Work item
Beginning with the line that includes "Givenchy Split Logo Scarf Navy - 6", return every remaining line of the material exactly as it reads, but not the pictures.

The data

☆ ☆ ☆ ☆ ☆

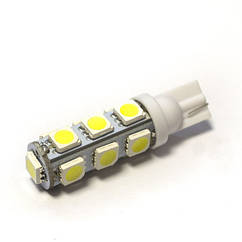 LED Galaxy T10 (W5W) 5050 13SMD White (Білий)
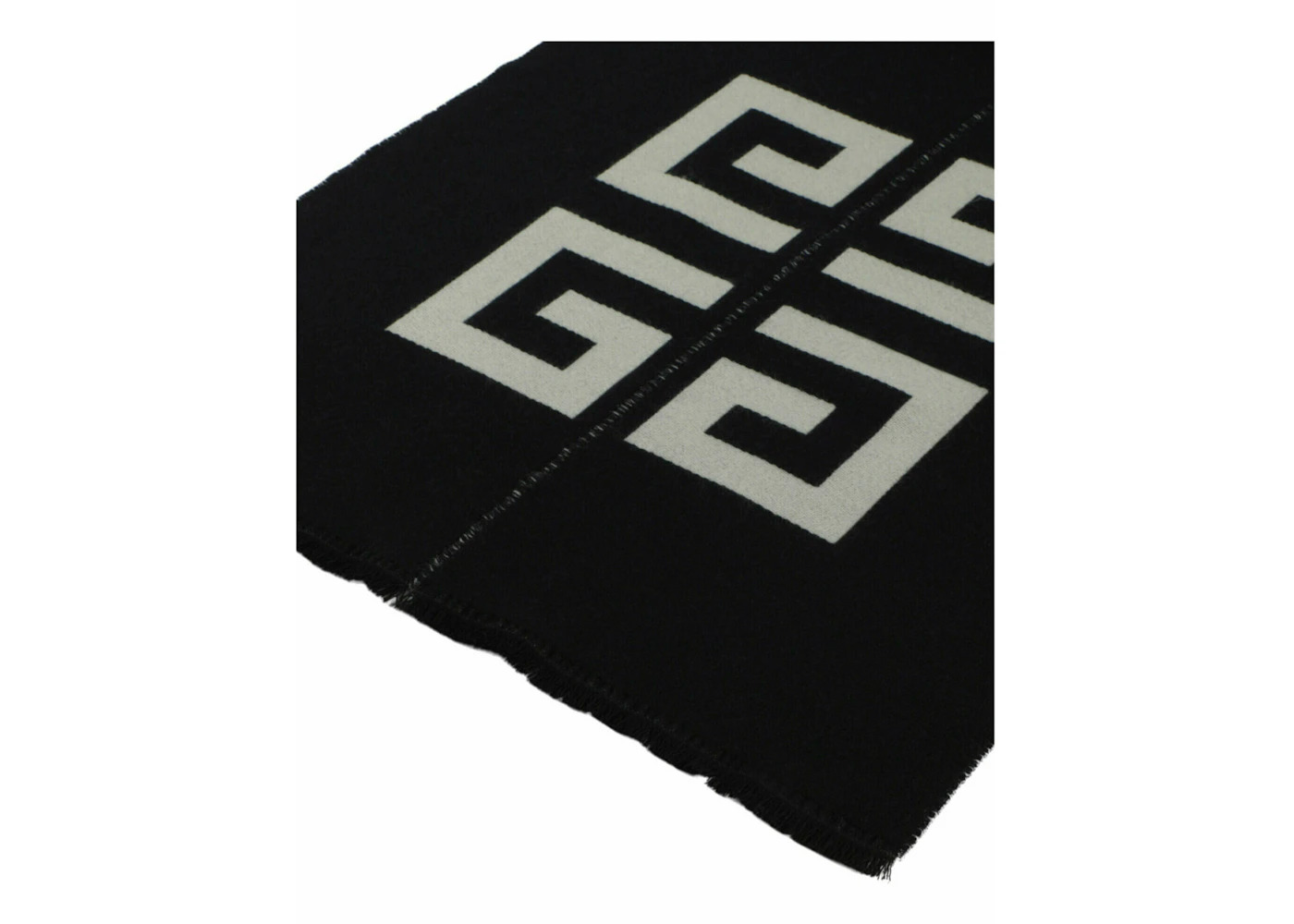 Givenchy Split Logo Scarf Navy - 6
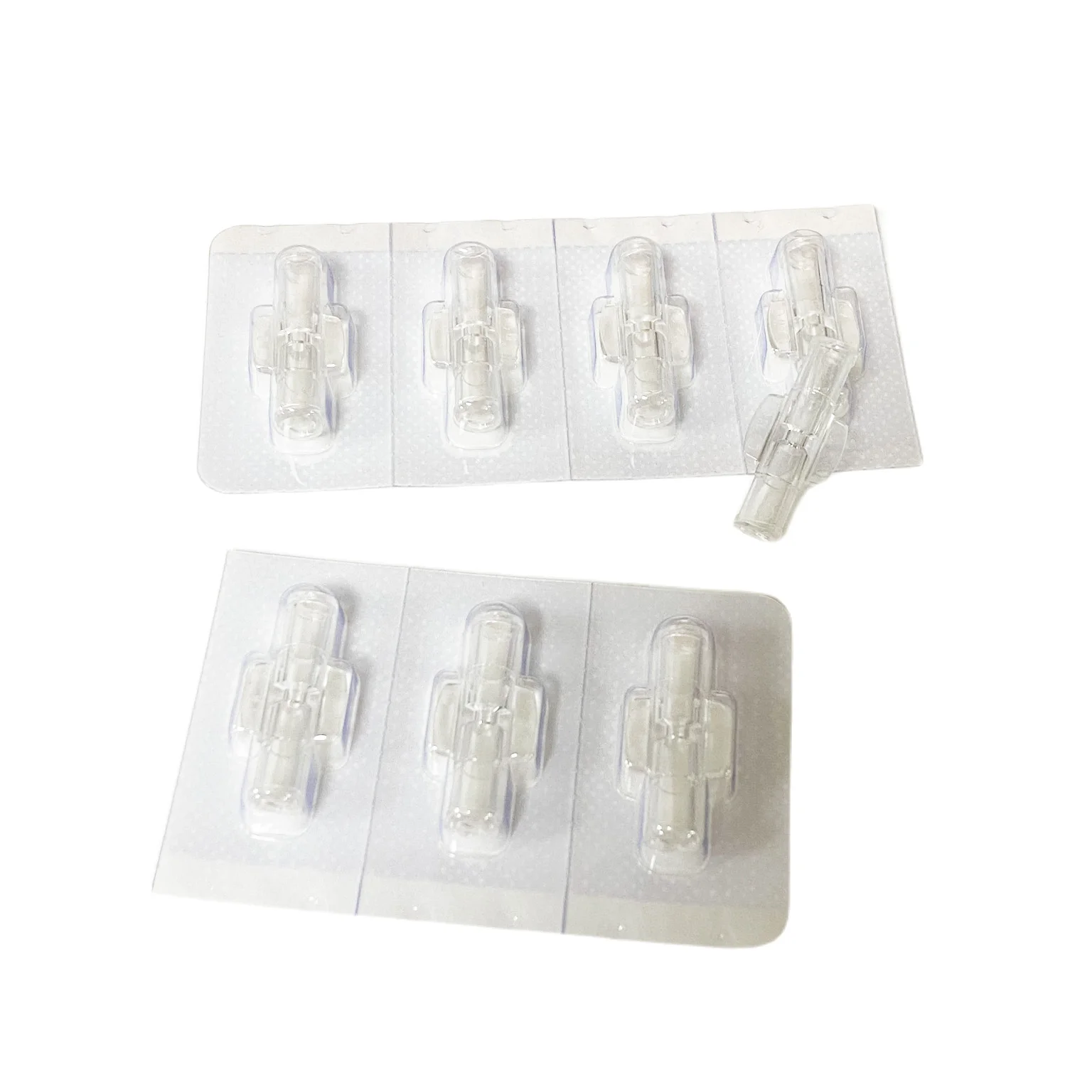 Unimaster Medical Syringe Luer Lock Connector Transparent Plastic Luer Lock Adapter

☆ ☆ ☆ ☆ ☆

Solution to the exercise
 Givenchy Split Logo Scarf Navy - 6
 Unimaster Medical Syringe Luer Lock Connector Transparent Plastic Luer Lock Adapter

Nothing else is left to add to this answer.